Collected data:

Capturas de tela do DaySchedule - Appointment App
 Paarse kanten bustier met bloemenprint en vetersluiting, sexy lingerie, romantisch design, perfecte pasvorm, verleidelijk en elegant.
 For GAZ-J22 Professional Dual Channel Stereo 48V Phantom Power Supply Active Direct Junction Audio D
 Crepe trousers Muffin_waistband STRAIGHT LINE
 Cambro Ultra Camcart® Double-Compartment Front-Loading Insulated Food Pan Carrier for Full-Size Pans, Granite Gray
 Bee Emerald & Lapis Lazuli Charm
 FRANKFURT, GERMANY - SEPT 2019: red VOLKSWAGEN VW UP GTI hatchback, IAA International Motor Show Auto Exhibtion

• **Exercise details**: Every line of the data above should be reproduced word for word.

• **Problem solution**:
Capturas de tela do DaySchedule - Appointment App
 Paarse kanten bustier met bloemenprint en vetersluiting, sexy lingerie, romantisch design, perfecte pasvorm, verleidelijk en elegant.
 For GAZ-J22 Professional Dual Channel Stereo 48V Phantom Power Supply Active Direct Junction Audio D
 Crepe trousers Muffin_waistband STRAIGHT LINE
 Cambro Ultra Camcart® Double-Compartment Front-Loading Insulated Food Pan Carrier for Full-Size Pans, Granite Gray
 Bee Emerald & Lapis Lazuli Charm
 FRANKFURT, GERMANY - SEPT 2019: red VOLKSWAGEN VW UP GTI hatchback, IAA International Motor Show Auto Exhibtion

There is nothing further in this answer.